For such a homely girl, Annabelle has bad luck with perverts, as we’ve already seen her being harassed by lodger Mr Wyler (Carl Collyer) at home. Wyler is the peeping tom seen at the start of the film and Collyer plays him with skin-crawling intensity. As he corners Annabelle in the hallway, he tells her :
“I was driving past the beach yesterday, and saw you standing there, but you didn’t even notice me. I like seeing you in a bathing suit, Annabelle, you have a nice figure. You know, I nearly walked into your room yesterday, by mistake. Then I heard the bath running, and I realized that it wasn’t my room – you don’t even lock your door, do you? I certainly wouldn’t want to surprise you while you were dressing…or anything like that”.
What a charmer.
Eventually, the two strands of the story come together, as Light seeks help from Annabelle’s father (after an awkward family get-together with his sister), only to find himself attacked and chased down by the gun-toting, hypocritical Wyler (who spouts right-wing, handing and flogging rhetoric as the correct punishment for sex criminals, while Dr. Greene (Richard Nicholls) advocates helping the obviously disturbed and desperate man. You know this will end badly.

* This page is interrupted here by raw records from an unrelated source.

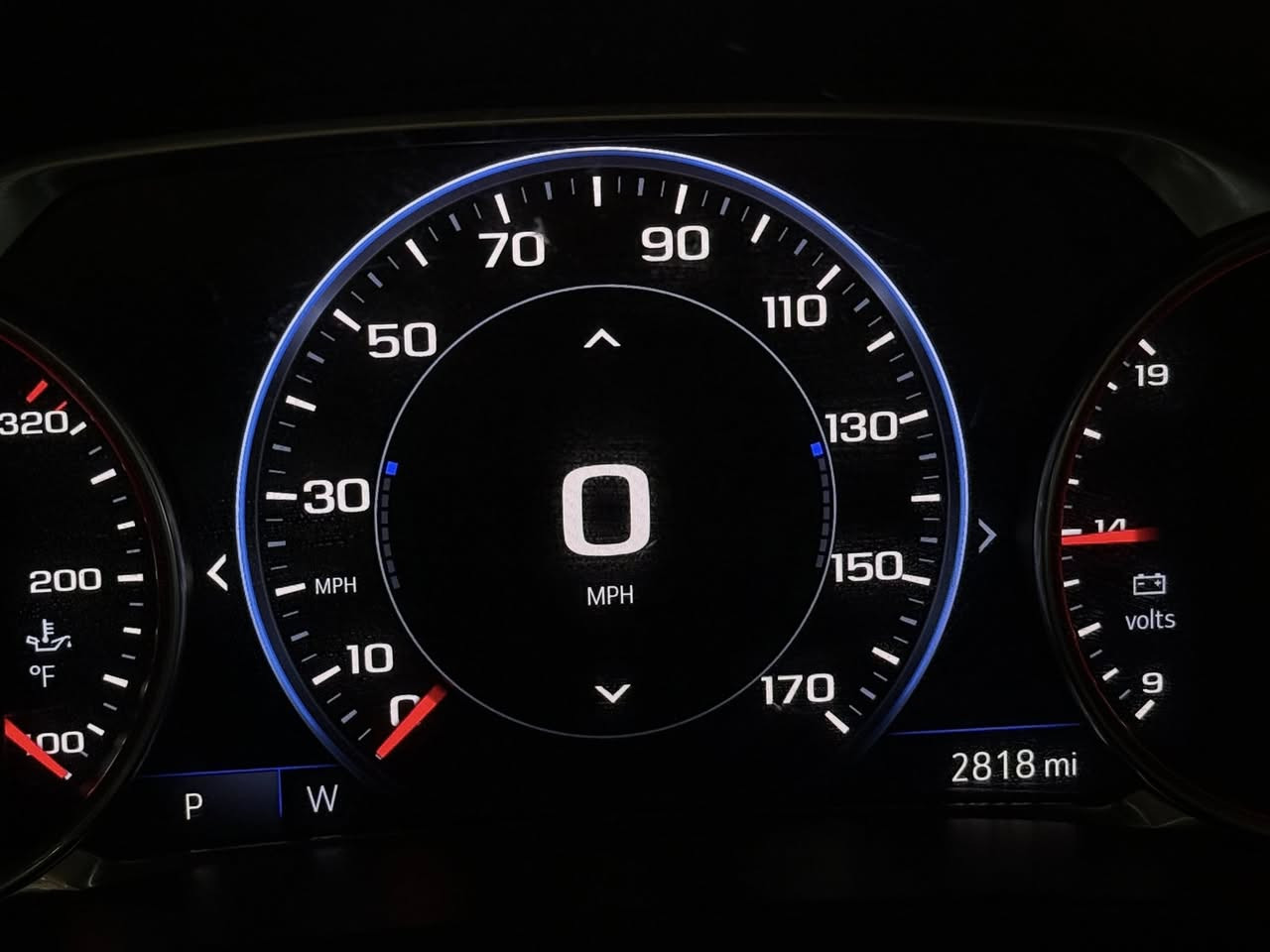 #المركبة : شيفرولية بلايزر موديل 2024 فئة ار إس  RS ( أعلى فئة ) فول مواصفات لون ابيض لؤلؤي
#عداد_المسافة : 2 الف ميل حقيقي ( زيرو )
#الضرر  : مياة امطار
#الرقم : بغداد

#المواصفات : 

▪️السيارة : شوفرليت بليزر ار إس BLAZER RS
▪️الموديل : 2024
▪️المحرك : 3.6L (ستة سلندر) 
▪️حجم الويل : ويل كب اسود اصل حجم 20 مع طقم تايرات كونتينتال بحالة ممتازة
▪️لايتات زينون عالي وناصي مع حاجب LED
▪️بصمات عدد 4 للابواب مع بصمة تشغيل
▪️كامرات محيطية برؤية 360 درجة
▪️رادار امامي مانع تصادم
▪️حساسات الأنحراف عن المسار
▪️رادار جانبي (نقاط عمياء)
▪️حساس خلفي
▪️كشنات السيارة جلد اسود مع تطريز ازرق اصل
▪️تحكم فول كهرباء لكرسي السائق و الراكب
▪️كشن ذاكرة (خزن ميموري) لكرسي السائق
▪️شاشة الدشبول حجم كبير (ايباد)
▪️تبريد قطعتين امامي وخلفي
▪️تدفئة لكشنات المقدمة
▪️جنطة كهرباء
▪️تشغيل عن بعد
▪️سايد بريك دكمة
▪️سستم صوت BOSE 
▪️تحكم ستيرن جهتين بلوتوث وحاكية وكروس سرعة وتحكم صوت 
▪️نظام ABS مانع انزلاق

السعر المطلوب : 230 ورقة مع المجال
 
الاتصال على : ***********

معرض سما دبي لتجارة السيارات والمزادات الامريكية
النجف - المدينة المائية -مقابل حي الجامعة
اهلا ومرحبا بكم
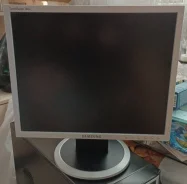 Samsung. 17" ����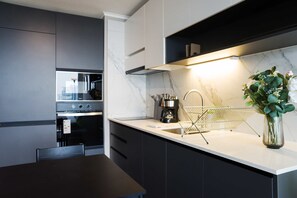 Fridge, microwave, oven, stovetop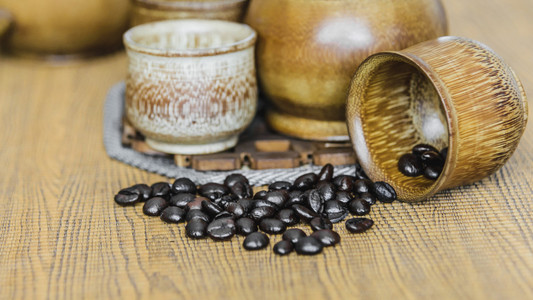 软聚焦图像的咖啡豆和咖啡杯上木 b 设置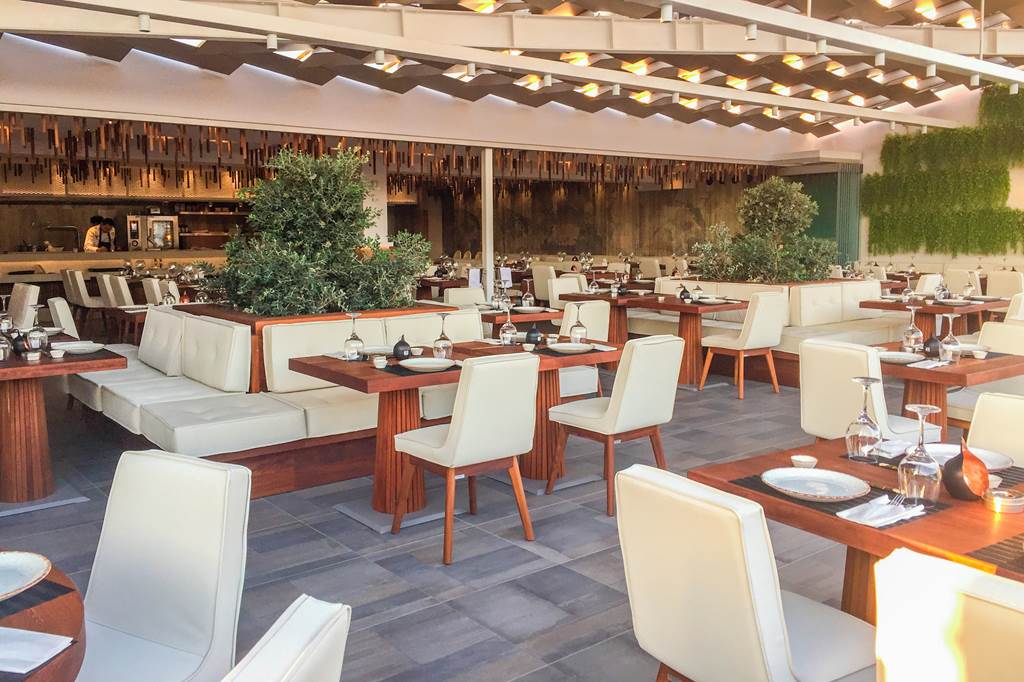 LCA_83144_Melpo_Antia_Luxury_Apartments_&_Suites_0721_10.jpg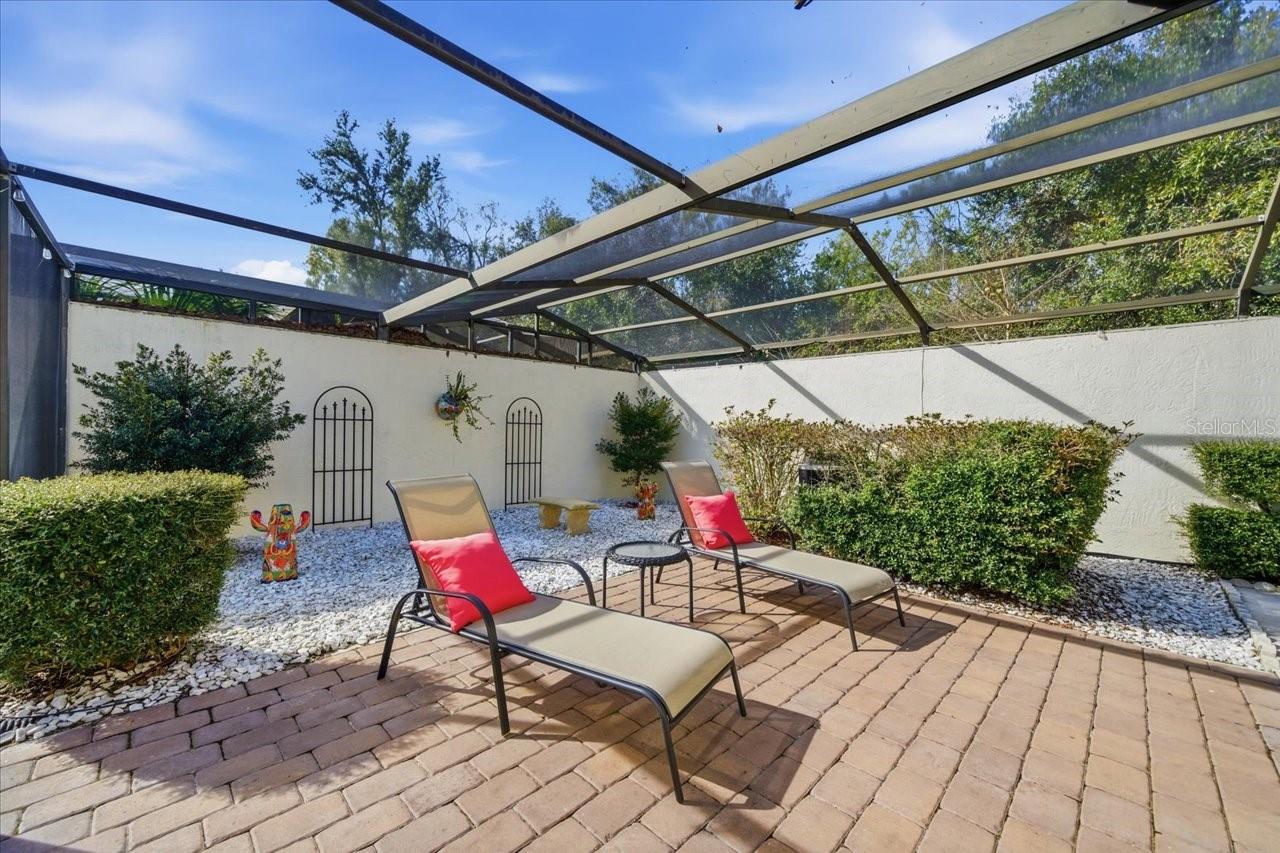 VILLAGE VI OF CARROLLWOOD VILL - Residential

Relentlessly grim, The Lonely Sex – running a tight 57 minutes – is an impressive portrait of alienation and deviation. The film carefully contrasts the pathetic, out of control sex killer, who desperately writes ‘HELP’ on a wall after he kills the woman, with the more cynical – and no less dangerous, it seems – Wyler, who knows exactly what he is doing and sees no shame in it. It’s rare, even now, for a movie to so perfectly skewer the hypocrisy of moralisers – at the time it was almost unheard of, and the fact that it happens in a film that was being marketed at an audience of voyeurs makes it all the more impressive.
With a cast of worn down, deliberately unattractive actors and a low key, almost social realism approach from director Richard Hillard, this is utterly bleak and years ahead of its time in style and theme. At times, it reminded me of Daughter of Horror in terms of style, while the alienated, sympathetic but dangerously disturbed killer would be developed further in Psycho and Peeping Tom a year later.
The print is as good as you could hope for, given the age and low budget nature of the film – it probably never looked great, but here is presented in a clear, intact print. And who really wants an exercise in depravity like this to look overly pristine anyway?
God bless Vinegar Syndrome for digging this one up – worth the price of this disc by itself, The Lonely Sex is a remarkable movie, and with Anatomy of a Psycho to sweeten the pill, you’d be a fool not to snap this one up.